The pro-Remain editor will replace Paul Dacre – but what does this mean for the newspaper’s stance?
There’s excitement among Remainers this week as Geordie Greig, the Mail on Sunday’s editor, will take over from Paul Dacre at the Daily Mail.
Constantly clashing with its sister title – Britain’s most fiercely pro-Brexit paper, responsible for front pages such as “Enemies of the People”, “Crush the Saboteurs” and “House of Unelected Wreckers” – the Mail on Sunday under Greig even ran a two-page editorial officially endorsing Remain ahead of the EU referendum in 2016.
“Those who would have you believe in the plucky Little England of the past are selling a dangerous illusion,” it read, lamenting the “nebulous promise, made by people who may not be wholly sincere about it, and who in any other circumstances would probably be at each other’s throats, is not enough to make us take the biggest national leap of faith in living memory”.
So will Greig, described in today’s Guardian as “a staunch remainer”, take the Daily Mail on a new path, away from Dacre’s frothing euroscepticism?

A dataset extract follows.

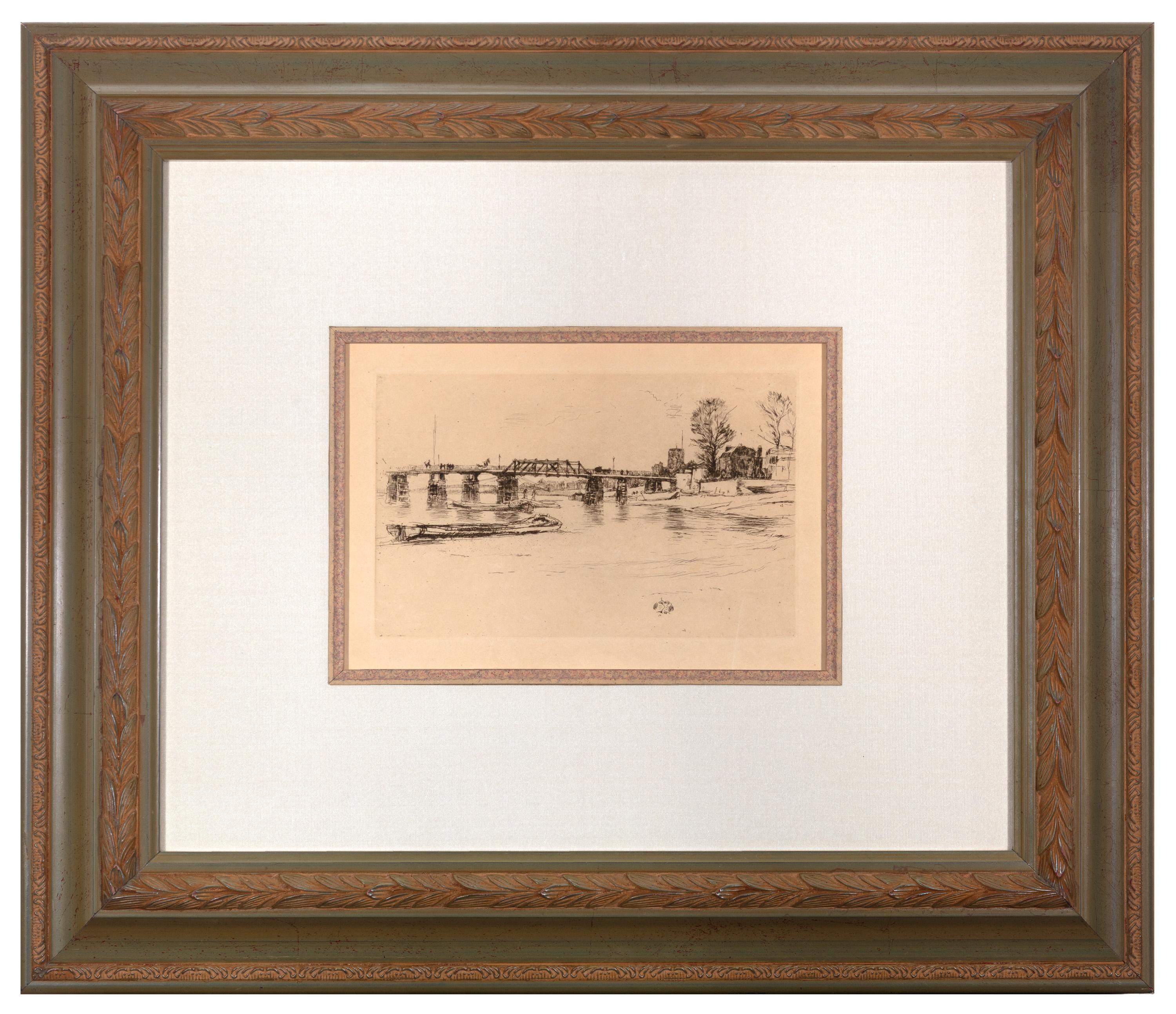 James Abbott McNeill Whistler Landscape Print - "Fulham AKA Chelsea (Kennedy 182), " Original Etching Signed
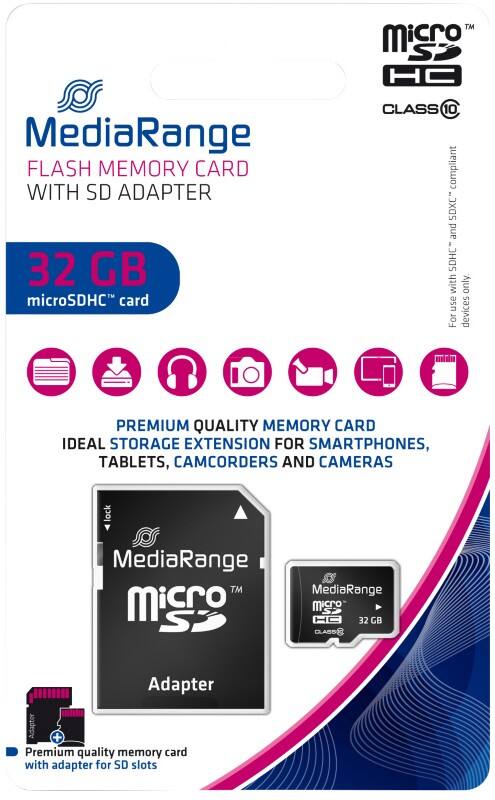 MediaRange MicroSDHC-Speicherkarte 32 GB Class 10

Tonally, yes, substantially, no – according to insiders.
Firstly, Dacre is still going to be around – and in an influential role as chairman and editor-in-chief of Associated Newspapers (which owns the Mail titles as well as Metro), advising the head of the Daily Mail’s parent company DMGT, Jonathan Harmsworth (known better as Lord Rothermere).
Yes, Greig is very chummy with the Rothermeres – he’s close to Claudia, Lady Rothermere – but this doesn’t mean his relationship with them will be any different from in his previous job as MoS editor.
While the Rothermeres may have a more liberal attitude towards Brexit than their main newspaper, this is unlikely to be enough to let Greig completely off the Brexit wagon. Rothermere is known to be hands-off proprietor (Dacre thanked him for “the freedom to edit without interference” when he announced his resignation), so won’t suddenly be using Greig as a political mouthpiece.
Rothermere is domiciled in France, where the couple live most of the time, so he won’t suffer the consequences of Brexit as directly as other business owners. Plus the Daily Mail is Britain’s top-selling paper: why change the stance of a successful product?